Big data is everywhere we look these days. Businesses are falling all over themselves to hire ‘data scientists,’ privacy advocates are concerned about personal data and control, and technologists and entrepreneurs scramble to find new ways to collect, control and monetize data. We know that data is powerful and valuable. But how?
This article is an attempt to explain how data mining works and why you should care about it. Because when we think about how our data is being used, it is crucial to understand the power of this practice. Without data mining, when you give someone access to information about you, all they know is what you have told them. With data mining, they know what you have told them and can guess a great deal more. Put another way, data mining allows companies and governments to use the information you provide to reveal more than you think. […]
Discovering information from data takes two major forms: description and prediction. At the scale we are talking about, it is hard to know what the data shows. Data mining is used to simplify and summarize the data in a manner that we can understand, and then allow us to infer things about specific cases based on the patterns we have observed. Of course, specific applications of data mining methods are limited by the data and computing power available, and are tailored for specific needs and goals.
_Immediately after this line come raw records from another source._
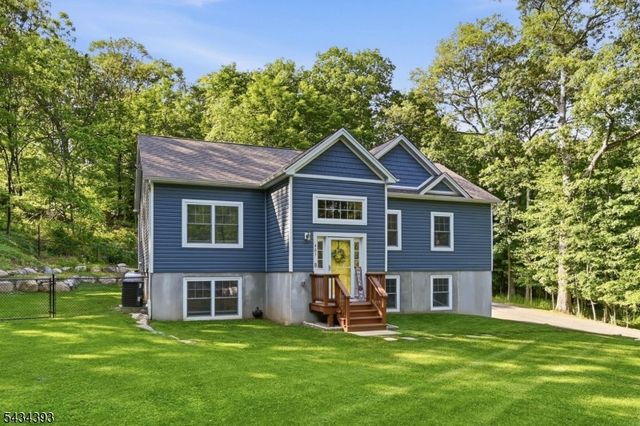 461 Westbrook Rd, Ringwood Boro, NJ 07456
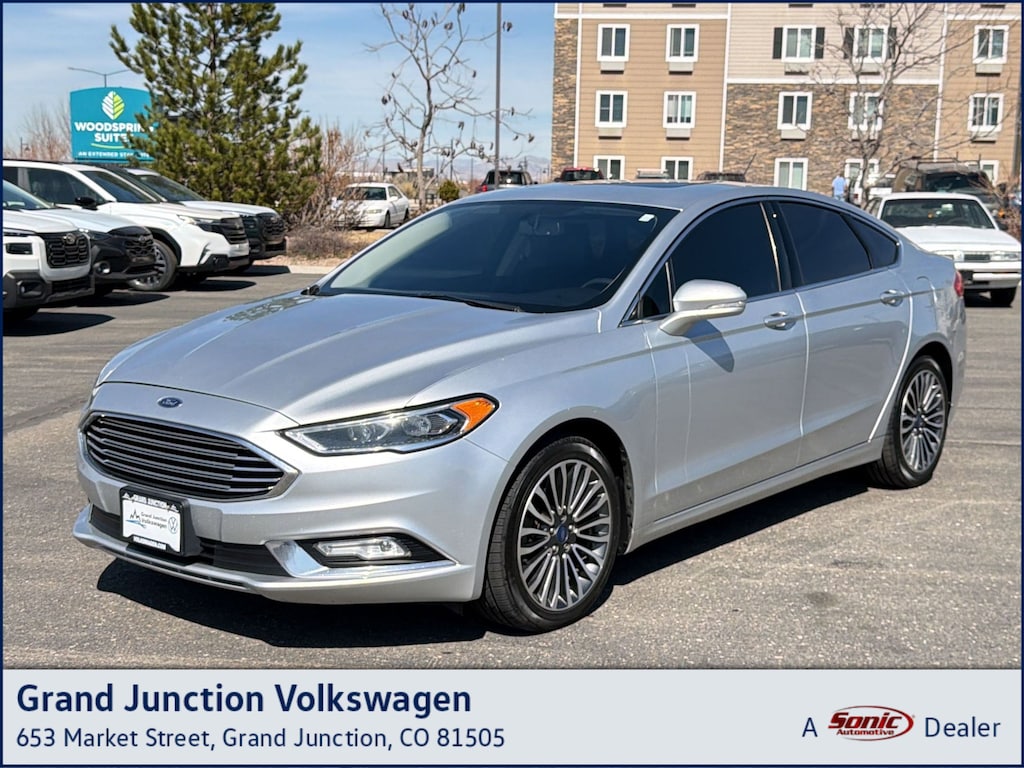 Used 2017 Ford Fusion SE Sedan
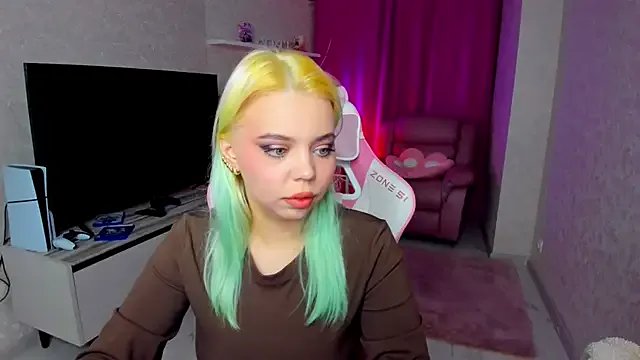 Freechat EnergyBunny_1 on StripChat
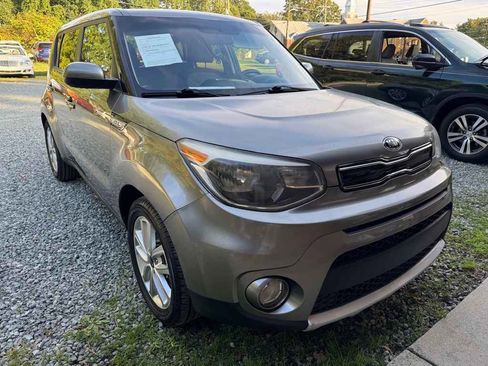 Used 2018 Kia Soul + image 7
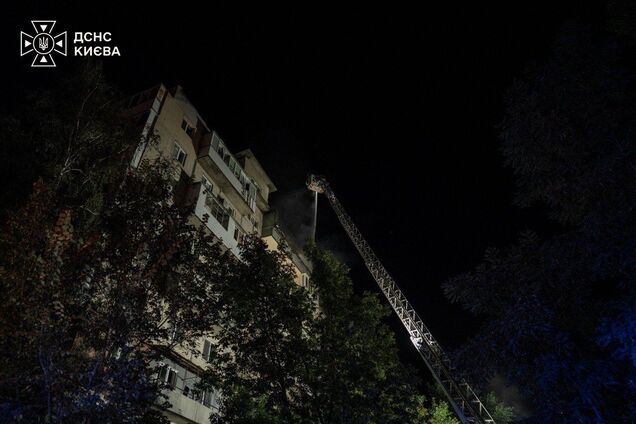 У Києві внаслідок російської атаки сталась пожежа у багатоповерхівці: зруйновано перекриття. Фото і відео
However, there are several main types of pattern detection that are commonly used. These general forms illustrate what data mining can do. […]
Regression: Data mining can be used to construct predictive models based on many variables. Facebook, for example, might be interested in predicting future engagement for a user based on past behavior. Factors like the amount of personal information shared, number of photos tagged, friend requests initiated or accepted, comments, likes etc. could all be included in such a model. Over time, this model could be honed to include or weight things differently as Facebook compares how the predictions differ from observed behavior. Ultimately these findings could be used to guide design in order to encourage more of the behaviors that seem to lead to increased engagement over time.